Harry Reid, the majority leader in the Senate, explained he did not want these terrorists released in the US. That, of course, was not even on the cards under what Obama had in mind. President Obama has said: “There may be a number of people who cannot be prosecuted for past crimes, in some cases because evidence may be tainted, but who nonetheless pose a threat to the security of the United States….Let me repeat: I am not going to release individuals who endanger the American people.” He then went on to defend his proposal for closing Gitmo and moving the prisoners to the US with the argument that no-one had ever escaped from the maximum security prisons that the Gitmo detainees would be sent to. How warped can you get?

The right and legal thing to do would be to take all the prisoners to the US, charge those who can be charged and release those who cannot be charged. Those who can be sent back to their countries of origin without endangering their safety can be sent back. The rest should be allowed to stay in the US (the principle in question is: ‘you break it, you own it’). Those charged then should be tried in a proper US court, not one of the kangaroo quasi-military tribunals created by Bush and Cheney. If convicted, they should serve their time, or pay with their lives, as the case may be. If acquitted they should be released. That is the rule of law. It is also the right and moral thing to do.

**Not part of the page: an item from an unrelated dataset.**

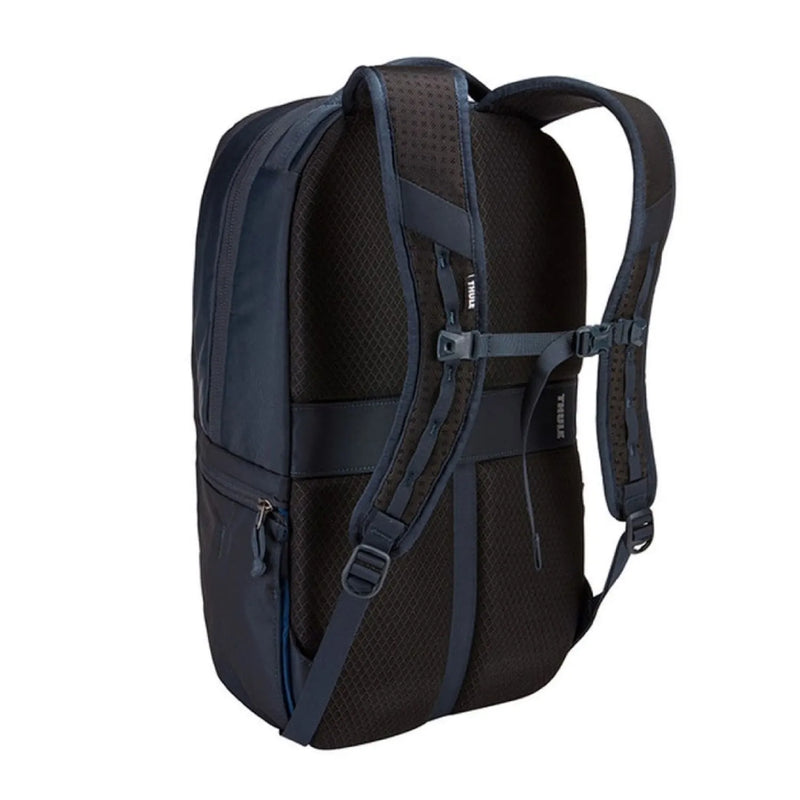Thule Subterra 32L Backpack
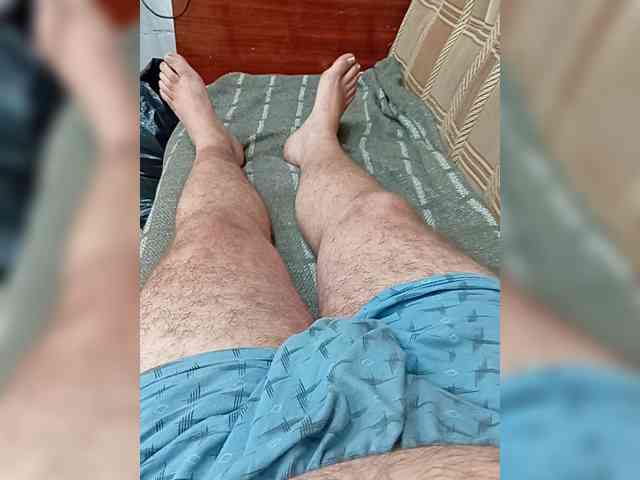 dimasiktrackdriver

With Bush and Cheney, one often had the sense that they did not know what was wrong and what was right. Obama clearly knows the difference, but knowingly chooses the wrong option: video meliora proboque, deteriora sequor. The physical safety and security of the American people should not be the first and overriding concern of the US president. Preserving our freedom, as set out in the Bill of Rights, is. Hundreds of thousands have died to preserve that liberty. During World War II alone more than 400,000 Americans gave their lives in the cause of freedom.

To Patrick Henry is attributed the famous saying: “Give me Liberty, or give me Death”. The moral midgets and yellow-bellies in the US Senate and White House today would have said instead: “Give me security and comfort or I will curl up in a ball and refuse to vote for you again”.

What accounts for this transformation of the US polity into a collection of Angsthasen?

I was in the US shortly before 9/11 and shortly afterwards. The transformation in the public psyche was astonishing. Not just in New York and Washington DC, but everywhere I went, people were traumatised and visibly and audibly afraid. Both reason and principles went out of the window. It is true that this was the first serious ‘external’ attack on the US mainland since the War of 1812. There has been extremely bloody conflict since then, but all of it internal, including the Civil War and the routine fire-arms-related private violence which claims currently around 15,000 lives each year (not counting a somewhat larger number of fire-arms-related suicides).

September 11, 2001 is more than seven and a half years in the past, but the US polity and public appear no less traumatised by it today than they were in the immediate aftermath of the outrages. A very primal mood of insecurity and fear continues to afflict most of the nation and its politicians.

Fear is a poor guide to policy. It caused the US to launch an unnecessary second war against Iraq and it led its leaders to compromise the most important principles on which the country was founded. The fear-induced response of the US authorities to the murderous outrages perpetrated by Al-Queda has turned out to be a much more serious threat to what is best about the US than Al-Queda itself. Bush, Cheney and now also Obama and Reid represent a greater threat to my liberty and fundamental rights as a citizen and a human being than Osama bin Laden and his mindless murderers.

The US president and the majority leader in the US Senate have torn up the Constitution and the Bill of Rights, supposedly in the interest of the nation’s security and to preserve the safety of its people. I hope the blind fear that has de-activated the moral antennae of the American people will subside to the point that a majority will join me in loudly and clearly telling the country’s leadership that its depredations against the Constitution and the Bill of Rights are not in our name.